Suavecito Original Pomade is a water-based pomade that comes in a black labeled tub with ye olden font emblazoned across it. On the lid is a spooky skeleton guy in a t-shirt styling his giant pompadour. It comes in a 4 oz. and 32 oz tub. No 1 oz tub here but I don’t know anyone who buys 1 oz of pomade.
Suavecito Original is similar to Layrite Deluxe but don’t let the similarity dissuade you from getting this product. It has a few key differences that distinguish it from Layrite and give it a permanent spot on my shelf.
Inside is a translucent sarsaparilla (that’s rootbeer for you rapscallions) colored gel. The smell in the tub is a little like a cologne. It’s not too strong. You really need to get your nose in there for a good whiff. I didn’t notice any bubbles or crusting in it but the dark color could easily be hiding any non-conformity with it.
It comes out of the tub similarly to Layrite. A weird sort of tacky mountain builds up on your fingers. One of these days I’m going to try and see just how high of a mound of this stuff I can make before gravity topples it. I may need to do this outside as the ceilings only go so high around here.
Rubbing it between your palms kickstarts the scent. It’s pretty nice. Like I said before, it’s a nice cologne scent but not as strong of a scent as Layrite. When I’m sporting Suavecito I occasionally get a whiff of the scent but mostly I don’t know it’s there. The scent is one of the key differences between it and Layrite. Suavecito seems like a more “serious” scent. You could wear it to a business meeting, you could wear it to the club.
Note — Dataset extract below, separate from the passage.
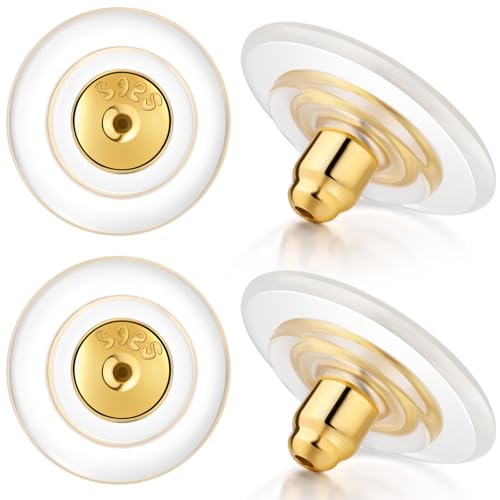 12 mm große Ohrring-Verschlüsse, 925er-Sterlingsilber, Ersatz-Ohrring-Verschlüsse, 18-karätiges Gold, Ersatz für Ohrstecker, schwere Hänge-Ohrringe, hypoallergen, reizfrei, sicheres Gold 12 mm große Ohrring-Verschlüsse, 925er-Sterlingsilber, Ersatz-Ohrring-Verschlüsse, 18-karätiges Gold, Ersatz für Ohrstecker, schwere Hänge-Ohrringe, hypoallergen, reizfrei, sicheres Gold von Hazifes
Layrite’s vanilla is more of a fun scent.
It can be a little tricky to get the right amount of damp in your hair for Suavecito to show it’s true colors. Because it can go in pretty tacky there’s the temptation to loosen it up with some water. This path leads to madness…or at least a hardened pomade. I recommend putting it in dry or just slightly, very slightly damp hair. Using it conservatively, a small finger full at first, and then touching up and adding more where you need it more is going to give you the best results. I have found that using a little bit through dry hair, combing it through, retouching the sides behind the ears where my hair juts out a little and then finishing the style worked the best for me. You can use more product to get some more shine, or perhaps just add a top coat if you hair, like mine, can’t really support a lot of product without looking bad greasy. Using a minimum of water will leave the product more recombable. The more water, the more shine, the less hold and the harder it will dry. You’ll want to take the time to learn the proper amount of product to very little water and then…awesomeness!
It washes out very easy under some running water. Use a little shampoo or even hand soap if you think you have a little left in there. You could screw up your hair, wash it out and try again in less time than it takes for your coffee to brew. That’s a great thing for those of you who need to get to work but also want to look your best.
I love Suavecito Original Pomade. There will always be a tub on my shelf and it will always share a spot with Layrite. Great hold, great separation low shine and a mature scent. As with other water-based pomades it can take some time to get the amount of moisture in your hair for the best application but once you’ve got it this stuff is the real deal and since it washes out so easy it can be fun to experiment with on those off days.
You can learn more about Suavecito at their homepage, suavecitopomade.com. Buy a t-shirt or a hat while you’re there. Hell, buy two and send me one.
Disclosure: I am not associated with Suavecito, Layrite or any of the products or web pages mentioned in this article. The 4 oz. tub of Suavecito Original Pomade I used to write this article was purchased by myself from pomades.com.